The participants in the arrangement formally notified the World Trade Organization Thursday that the temporary appeals mechanism had entered into force.
The "interim appeal arrangement for WTO disputes becomes effective," the European Commission said in a statement.
The multi-party interim appeal arbitration arrangement (MPIA) is aimed to "reduce the uncertainties created by the situation of the WTO appeals body," the Swiss government explained in a separate statement.
The move comes after the WTO appeals panel, sometimes dubbed the supreme court of world trade, halted its operations in December after years of US opposition.
Washington, which accuses the court of serious overreach, has blocked the appointment of new judges, leaving it without the quorum of three needed to hear cases due to mandatory retirements.
Ahead of the December 11 shutdown, Canada and the EU struck a bilateral deal last July to set up an interim panel to hear appeals in disputes that might arise between Brussels and Ottawa.

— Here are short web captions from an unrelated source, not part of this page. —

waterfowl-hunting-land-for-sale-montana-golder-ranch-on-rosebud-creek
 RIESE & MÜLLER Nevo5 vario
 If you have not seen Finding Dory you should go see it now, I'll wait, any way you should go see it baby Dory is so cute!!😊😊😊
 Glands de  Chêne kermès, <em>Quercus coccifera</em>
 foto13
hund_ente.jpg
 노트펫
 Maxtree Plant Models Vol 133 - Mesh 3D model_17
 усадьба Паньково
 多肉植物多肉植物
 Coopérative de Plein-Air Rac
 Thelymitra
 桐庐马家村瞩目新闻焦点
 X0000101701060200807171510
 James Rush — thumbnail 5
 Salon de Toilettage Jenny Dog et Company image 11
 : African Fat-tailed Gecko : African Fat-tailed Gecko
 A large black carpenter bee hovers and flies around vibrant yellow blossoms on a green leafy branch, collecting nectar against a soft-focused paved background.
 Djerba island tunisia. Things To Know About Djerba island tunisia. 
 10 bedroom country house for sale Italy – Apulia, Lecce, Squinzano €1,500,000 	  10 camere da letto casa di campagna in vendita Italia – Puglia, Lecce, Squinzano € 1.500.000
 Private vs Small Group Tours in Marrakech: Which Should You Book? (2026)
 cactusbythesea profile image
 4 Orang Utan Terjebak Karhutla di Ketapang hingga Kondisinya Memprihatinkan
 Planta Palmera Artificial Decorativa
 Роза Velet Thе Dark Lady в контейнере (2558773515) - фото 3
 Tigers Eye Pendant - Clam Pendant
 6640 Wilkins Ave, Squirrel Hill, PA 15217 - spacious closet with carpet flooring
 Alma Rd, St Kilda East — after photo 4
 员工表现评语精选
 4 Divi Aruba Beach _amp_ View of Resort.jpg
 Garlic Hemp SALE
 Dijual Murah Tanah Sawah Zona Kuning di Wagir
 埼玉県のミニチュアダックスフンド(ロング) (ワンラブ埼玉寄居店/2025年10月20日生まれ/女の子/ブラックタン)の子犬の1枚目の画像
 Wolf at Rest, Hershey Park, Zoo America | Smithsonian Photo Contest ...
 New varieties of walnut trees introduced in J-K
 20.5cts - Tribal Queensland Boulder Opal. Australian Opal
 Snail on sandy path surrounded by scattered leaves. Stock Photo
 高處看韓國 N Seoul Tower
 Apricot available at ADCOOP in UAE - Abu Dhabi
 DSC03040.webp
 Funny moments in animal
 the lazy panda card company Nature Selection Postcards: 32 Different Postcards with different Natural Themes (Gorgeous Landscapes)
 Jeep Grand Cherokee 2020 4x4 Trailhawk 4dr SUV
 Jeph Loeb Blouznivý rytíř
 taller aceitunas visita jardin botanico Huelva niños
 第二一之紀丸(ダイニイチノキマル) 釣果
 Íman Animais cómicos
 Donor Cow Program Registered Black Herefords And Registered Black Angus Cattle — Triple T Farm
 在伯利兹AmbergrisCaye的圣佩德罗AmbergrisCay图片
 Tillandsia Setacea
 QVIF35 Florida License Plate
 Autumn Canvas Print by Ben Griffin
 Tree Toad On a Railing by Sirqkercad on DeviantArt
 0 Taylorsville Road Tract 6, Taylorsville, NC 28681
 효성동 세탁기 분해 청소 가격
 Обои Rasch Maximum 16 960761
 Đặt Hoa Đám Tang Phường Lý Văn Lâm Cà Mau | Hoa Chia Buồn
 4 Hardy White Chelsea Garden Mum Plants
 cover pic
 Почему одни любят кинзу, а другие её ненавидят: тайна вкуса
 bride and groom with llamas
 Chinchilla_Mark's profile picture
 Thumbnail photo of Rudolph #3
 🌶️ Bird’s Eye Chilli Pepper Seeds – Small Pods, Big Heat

Since then, a number of other countries have joined.
In addition to the EU, Canada and China, the participating countries and territories are Australia, Brazil, Chile, Colombia, Costa Rica, Guatemala, Hong Kong, Iceland, Mexico, New Zealand, Norway, Pakistan, Singapore, Switzerland, Ukraine and Uruguay.
The countries argue that the new system is designed to preserve the principle enshrined in international trade law that governments have the right to appeal in any dispute.
It is based on Article 25, a rarely-used provision of the WTO Dispute Settlement Understanding.
According to Thursday's notification, any appeals filed under the temporary system will be heard by three appeal arbitrators selected from a pool of 10 international trade law experts, who are "unaffiliated with any government".
The MPIA arbitrators will have 90 days to reach a verdict following the filing of the appeals notice, with the possibility to request a 90-day extension.
The participants, who have all committed to adhere to the ruling, have stressed that the temporary system will cease to exist once WTO's true appeals body begins functioning again.
The US has had wide-ranging concerns about the WTO appellate branch that predate President Donald Trump.
The administration of former president Barack Obama began a policy of blocking the appointment of appeals judges over concerns that their rulings violated American interests.
But Trump's trade team both extended that policy and escalated the fight, arguing in particular that the US Constitution does not permit a foreign court to supersede an American one.
US concerns regarding the WTO appeals court include allegations of judicial overreach, delays in rendering decisions and bloated judges' salaries.